3. Chapter 93A claim against Altenex.11 The judge dismissed Petrucci's claim against Altenex under G. L. c. 93A because Petrucci and the individual defendants were the comembers of MMS and the wrongdoing alleged in the complaint was based entirely on their acts; therefore, Petrucci's allegations that the individual defendants had improperly transferred to Altenex assets and opportunities belonging to MMS constituted an intra-enterprise dispute that did not implicate c. 93A. “[D]isputes between parties in the same venture do not fall within the scope of G. L. c. 93A, § 11.” Selmark Assocs., Inc. v. Ehrlich, 467 Mass. 525, 549 (2014). “ ‘Inter-enterprise’ disputes, including those ․ between or among fellow shareholders, are essentially private in nature, and thus not considered ‘commercial transactions’ within the meaning of c. 93A.” Id. at 550. We agree that Petrucci alleged no facts plausibly suggesting that the alleged misconduct by Altenex involved “trade or commerce,” as opposed to conduct that occurred in the context of a purely private, intra-business dispute. See Office One, Inc. v. Lopez, 437 Mass. 113, 125 (2002), quoting G. L. c. 93A, § 2 (violations of G. L. c. 93A “require unfair or deceptive acts or practices ‘in the conduct of any trade or commerce.’ ”). Nor did Petrucci allege any facts plausibly suggesting that Altenex -- a company consisting only of the individual defendants and a product of their wrongdoing -- engaged in any conduct after the dissolution of MMS that was unlawful or otherwise constituted a c. 93A violation. See Synergistics Tech., Inc. v. Putnam Invs., LLC, 74 Mass. App. Ct. 686, 689-691 (2009) (merely competing to convince customers to do business with a different company does not violate c. 93A); Kurker v. Hill, 44 Mass. App. Ct. 184, 190-191 (1998) (chapter 93A inapplicable to “private grievance” or “internal business dispute” among shareholders in close corporation, including alleged freeze-out and improper sale of corporate assets).

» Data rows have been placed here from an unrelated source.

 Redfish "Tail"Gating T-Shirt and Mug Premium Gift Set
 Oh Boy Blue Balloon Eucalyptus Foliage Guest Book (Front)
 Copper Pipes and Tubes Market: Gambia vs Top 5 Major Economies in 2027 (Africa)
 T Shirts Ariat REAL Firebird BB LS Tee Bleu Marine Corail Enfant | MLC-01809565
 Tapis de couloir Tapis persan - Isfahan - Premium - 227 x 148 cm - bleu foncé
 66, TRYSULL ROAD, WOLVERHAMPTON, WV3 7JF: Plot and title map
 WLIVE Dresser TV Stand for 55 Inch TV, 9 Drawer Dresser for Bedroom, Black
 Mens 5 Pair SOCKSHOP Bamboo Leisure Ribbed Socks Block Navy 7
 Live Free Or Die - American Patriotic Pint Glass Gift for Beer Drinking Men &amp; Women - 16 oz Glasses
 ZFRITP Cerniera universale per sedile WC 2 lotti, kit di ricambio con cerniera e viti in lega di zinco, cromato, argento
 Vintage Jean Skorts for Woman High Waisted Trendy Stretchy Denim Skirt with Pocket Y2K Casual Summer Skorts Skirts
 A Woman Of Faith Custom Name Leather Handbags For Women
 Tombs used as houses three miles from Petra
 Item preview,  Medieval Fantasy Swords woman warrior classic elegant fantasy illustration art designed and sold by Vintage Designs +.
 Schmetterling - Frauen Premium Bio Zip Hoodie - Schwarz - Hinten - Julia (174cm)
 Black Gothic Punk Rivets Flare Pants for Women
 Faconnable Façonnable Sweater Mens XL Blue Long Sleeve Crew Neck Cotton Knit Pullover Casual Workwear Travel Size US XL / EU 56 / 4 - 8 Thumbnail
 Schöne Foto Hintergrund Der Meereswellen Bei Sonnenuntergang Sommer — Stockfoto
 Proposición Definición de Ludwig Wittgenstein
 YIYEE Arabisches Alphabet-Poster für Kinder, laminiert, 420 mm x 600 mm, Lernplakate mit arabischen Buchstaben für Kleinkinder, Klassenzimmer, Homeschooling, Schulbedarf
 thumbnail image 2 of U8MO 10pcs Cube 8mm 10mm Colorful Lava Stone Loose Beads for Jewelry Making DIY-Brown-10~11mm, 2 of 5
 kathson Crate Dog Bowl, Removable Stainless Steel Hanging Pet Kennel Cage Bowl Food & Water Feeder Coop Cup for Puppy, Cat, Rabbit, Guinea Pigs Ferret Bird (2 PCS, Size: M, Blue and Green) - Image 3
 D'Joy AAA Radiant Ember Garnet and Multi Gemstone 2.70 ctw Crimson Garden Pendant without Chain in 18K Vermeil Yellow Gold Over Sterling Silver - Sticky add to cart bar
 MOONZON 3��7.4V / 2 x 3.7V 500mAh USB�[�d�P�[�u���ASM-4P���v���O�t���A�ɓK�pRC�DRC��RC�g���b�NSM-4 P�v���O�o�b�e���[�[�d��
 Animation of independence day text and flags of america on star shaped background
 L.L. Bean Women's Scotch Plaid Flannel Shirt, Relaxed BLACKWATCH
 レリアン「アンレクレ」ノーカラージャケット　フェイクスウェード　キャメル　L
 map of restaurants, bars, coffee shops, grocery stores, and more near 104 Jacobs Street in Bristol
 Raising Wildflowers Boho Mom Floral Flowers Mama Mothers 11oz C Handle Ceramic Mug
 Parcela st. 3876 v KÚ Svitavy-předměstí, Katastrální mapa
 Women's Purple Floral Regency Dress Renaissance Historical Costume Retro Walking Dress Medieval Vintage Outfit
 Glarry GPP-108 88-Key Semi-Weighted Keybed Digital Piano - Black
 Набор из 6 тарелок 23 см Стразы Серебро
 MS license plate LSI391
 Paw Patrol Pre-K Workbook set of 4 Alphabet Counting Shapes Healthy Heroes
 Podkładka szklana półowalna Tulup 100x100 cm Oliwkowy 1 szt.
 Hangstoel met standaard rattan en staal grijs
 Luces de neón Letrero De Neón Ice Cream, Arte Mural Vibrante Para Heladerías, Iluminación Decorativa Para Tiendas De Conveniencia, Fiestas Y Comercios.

We acknowledge the limitations of the intra-venture exception discussed in Governo Law Firm, LLC v. Bergeron, 487 Mass. 188, 195 (2021) (intra-venture exception to “otherwise broad reach” of c. 93A “does not mean that an employee never can be liable to its employer under G. L. c. 93A, § 11”). Governo teaches that “[w]here an employee misappropriates his or her employer's proprietary materials during the course of employment and then uses the purloined materials in the marketplace, that conduct is not purely an internal matter; rather, it comprises a marketplace transaction that may give rise to a claim under G. L. c. 93A, § 11.” Id. at 195-196. The fact that “the individuals were employees at the time of the misappropriation does not shield them from liability under G. L. c. 93A, § 11, where they subsequently used the ill-gotten materials to compete with their now-former employer.” Id. at 196. Here, however, there is no evidence that the individual defendants unlawfully misappropriated or used any “ill-gotten materials,” or otherwise engaged in other misconduct before they dissolved MMS, distributed its assets, appropriated its corporate opportunities, and engaged in the same business as MMS -- conduct all expressly permitted under the MMS operating agreement. For all of the above reasons, the judge did not err in dismissing the c. 93A claim.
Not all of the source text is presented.